Rapi Nui was everything we hoped it would be, a small tropical island in an incredibly warm deep blue sea, with some of the most amazing sites. The Moai (stone heads of Easter Island) were tremendous. Many have been restored, but still more are half buried in the earth or toppled where they have been for centuries. Every incredible picture you’ve ever seen of them are true to form. We stayed in a very small, family owned, two-room Residence, Chez Steve Residencia Kyle Mio. The family lives on the property and really helped to make our stay memorable. We toured the entire island, saw the Moai and Moai quarry, snorkeled in the clear blue warm ocean and relaxed. We spent 4 days, and could have spent 4 more enjoying everything for a second or third time.

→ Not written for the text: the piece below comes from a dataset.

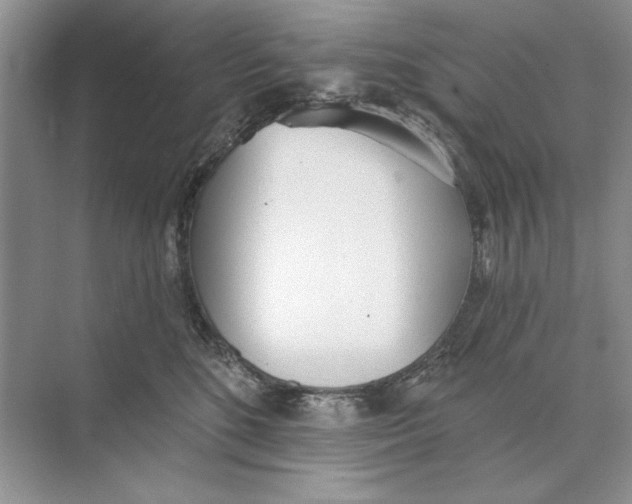 X0000074300520200609222338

Back from Rapi Nui, we continued into middle Chile and the River Region, where we finally found green Chile, no more northern desert! Additionally, since fall was coming on in the southern hemisphere, we began to pull out the cold weather clothing we’d been carrying forever. Here are the highlights. Isla Negra was small and not very noteworthy, except for Pablo Neruda’s best house of the three. One night in Pichilemu, the surf capital of Chile. Santa Cruz and wine tasting at the winery Vui Manent (we enjoyed their Carmenere and Malbek, both Chilean varietials). El Abanico took us east to the Volcan Antuco whose last eruption blocked the river, forming a deep blue lake. Hiking there was through dramatic lava flows to water falls rushing through the lava blockage. Pucón, noteworthy for Volcan Villarrica, a near perfect smoking volcanic cone, was a nice small town, perfect for hanging out and hiking.

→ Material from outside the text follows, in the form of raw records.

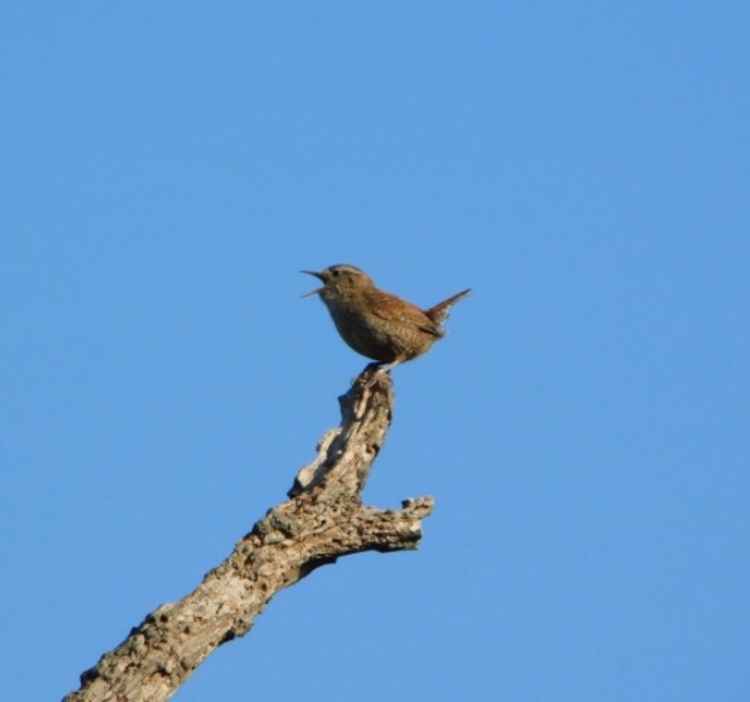 Wren by Flo Wheeler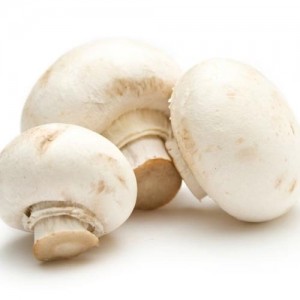 White champignon mushrooms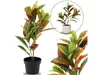 Umělá listnatá rostlina v květináči Ficus, 58 cm Náhled obrázku produktu 1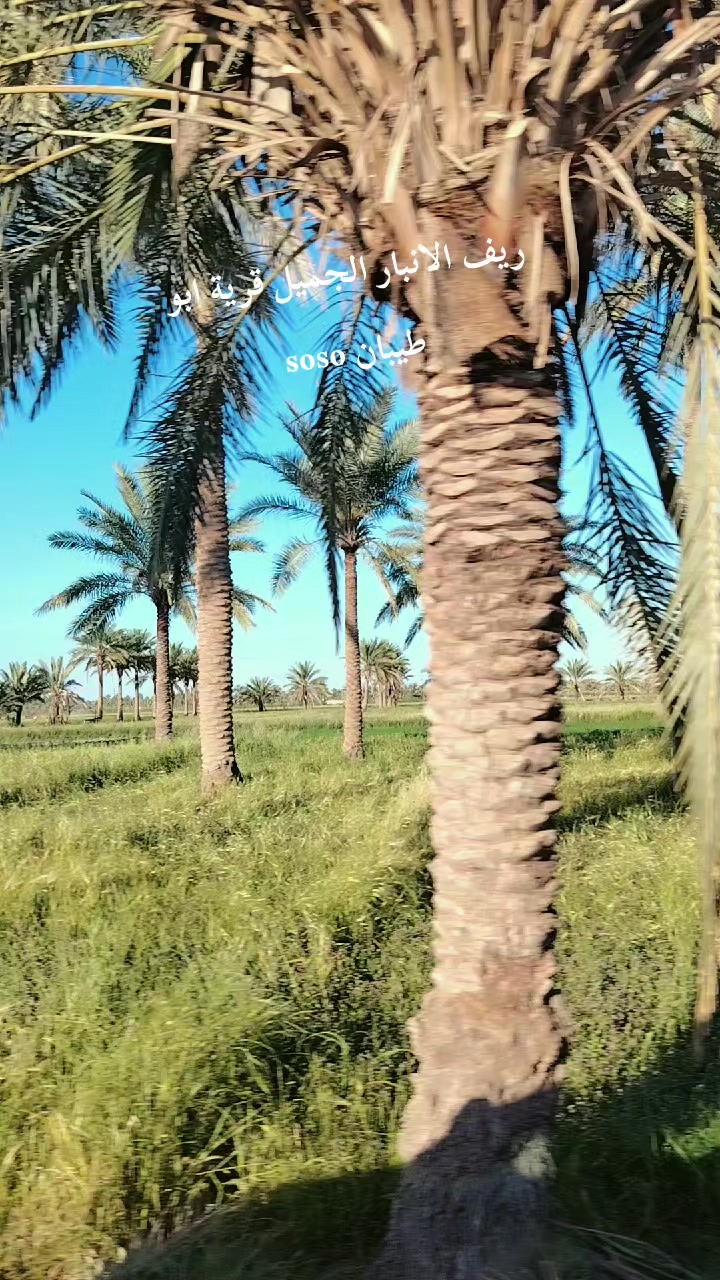 @سولاف امين الكربولي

From the River Region we moved south into the Lakes Region. Notable was Valdivia, a nice little city situated between three rivers just up from where they flowed into the Pacific. There we found several forts, a few partially restored, left from Chile’s fight for independence from Spain. They made for great exploration as did the incredible coastline. Further south was Puerto Varas, one of our favorite cities in Chile. Our hostel was in a beautiful 1930’s historic house. Situated on a hillside by a large lake, there were beautiful views of the surrounding volcanoes, nice hikes in the hills, and great excursions to out lying villages.

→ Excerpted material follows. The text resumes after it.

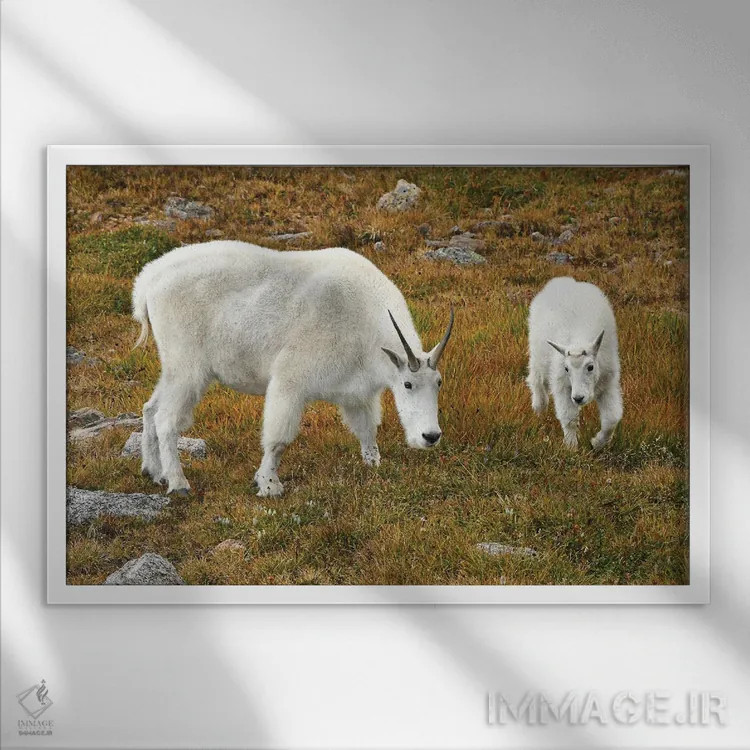 تابلو بز کوهی و بزغاله اثر برایان ولف - نمای قابدار سفید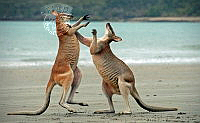 036_Daniel_Demy-Geroe_Kangaroo Fight on Beach.jpg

This brings us to the last leg of our journey. We journeyed to Patagonia on a Navimag Ferry. Navimag is primarily a commercial transport line, but they realized they could make good money transporting tourists to Patagonia. The 4-day, 3 night trip from Puerto Montt to Puerto Natales is a journey through the Patagonian fjords. It’s a ferry, not a cruise ship, but included in your fare is a cabin, all meals, and a few tourist sites. We had an hour or so at Puerto Edén the most remote port in the Patagonian fjords, where the ferry, their only outside access, stops once a week. We detoured a bit to visit glacier Pío XI, the largest glacier in South America, and one of the few world glaciers still growing. We saw several dolphins and a few minke whales. It was cold and windy, but we spent most of our time on deck enjoying the incredible sites.
Finally in Puerto Natales we had only one day to visit Torres del Paine National Park. We found an all day tour and hoped for good weather. We were not disappointed. It was cold and windy, but we had mostly clear skies and no rain. There were dramatic granite towers, a brilliant blue glacier, Guanacos (non-domesticated llamas) and Rheas (ostrich like birds). It is a beautiful park and we are glad to have seen the little of it that we did. It had been raining for several days before we arrived, and it began raining again the next day when we left. So the one day we had was lucky and beautiful.
The next morning we took a four-hour bus to Punta Arenas, the southern most point in our journey, not quite Tierra del Fuego, but close. The weather had turned very cold, and very windy and we were happy to be getting on an airplane the next day. Coming home from so far south took 4 plane rides and 30 hours before we were finally back in Sonoma County.
It was a great adventure. We’re glad we did it, but we were also glad to be home in our Tiger again. We’ll see you all on the road.